God has opened our hearts to adoption. Now what? It is a very overwhelming, kind of scary crossroad. We are currently praying about domestic adoption verses international adoption. We are waiting to hear from God on this. I am somewhat pulled toward international adoption, but not for the right reason. I feel that with international adoption there would be a much smaller chance of having my baby taken away from me. It sounds awful, but I'm scared to death of the mother or a family member coming back and finding loopholes in the system to take back their (my) child. What happens when our child wants to meet their birth mom? What if our child chooses to leave us to go back to their birth mom? These are my selfish fears. I know I need to trust God, and this is something that I am currently praying through. Michael, on the other hand, is more led towards domestic adoption. He feels that there are so many children right here in our state, even in our city, who need us. Why go across the world to get one? Not that there is anything wrong with that. After all, we are ALL God's children. I think both options are great, and we are awaiting a confirming word from Him. Please feel free to leave comments or opinions on this issue. We would love to hear your thoughts!

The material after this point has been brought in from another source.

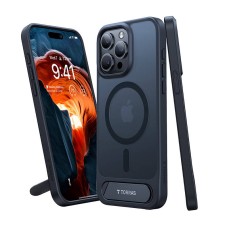 Torras UPRO Pstand Case for iPhone 15 Pro Max (black) Torras UPRO Pstand Case for iPhone 15 Pro Max (black)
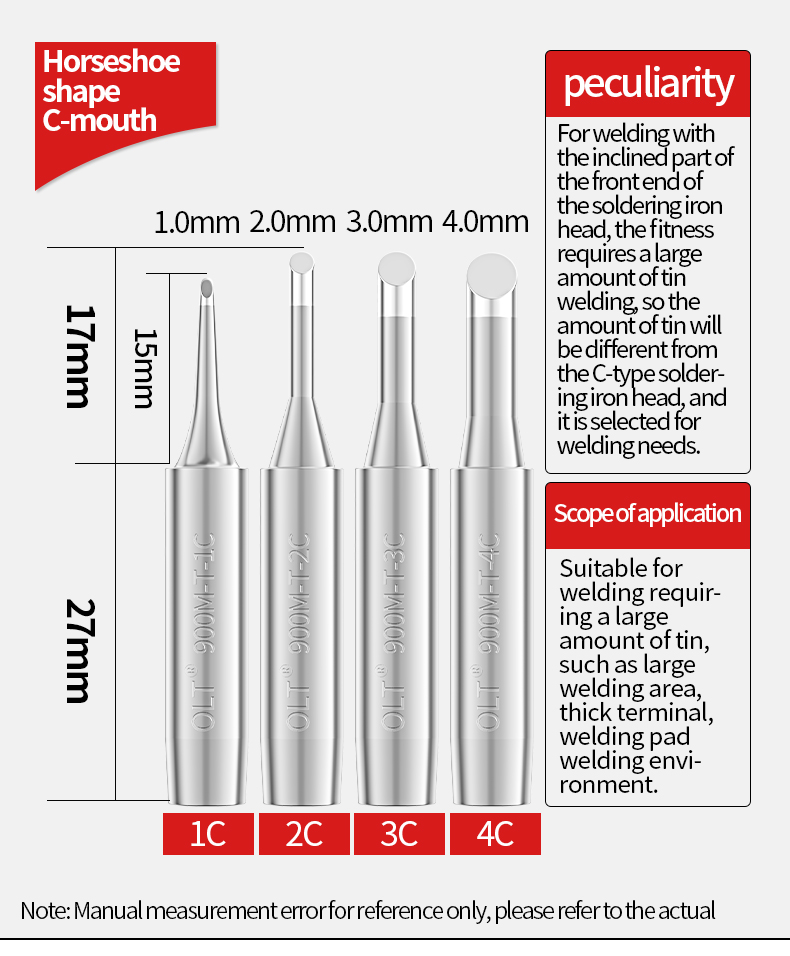 900M Soldering Iron Tip Compat - огляд і ціна Diy Elektronic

It is still hard at times. I still stare longingly at the baby aisles as we walk through Target. I lose myself in watching a child at the table across from us at Newks. Every now and then, a pang of jealously shoots through me when I pass by a pregnant woman at the grocery store. I long to carry a child. I long to be a mother. It is so wonderful to know that God will fulfill at least the latter of those 2 desires. Because I know and believe with all of my heart that the God who loves me and adopted me into His kingdom desires for me to love and adopt one of His precious children into my home. After all, I'm thankful He adopted me. Why not share that gift?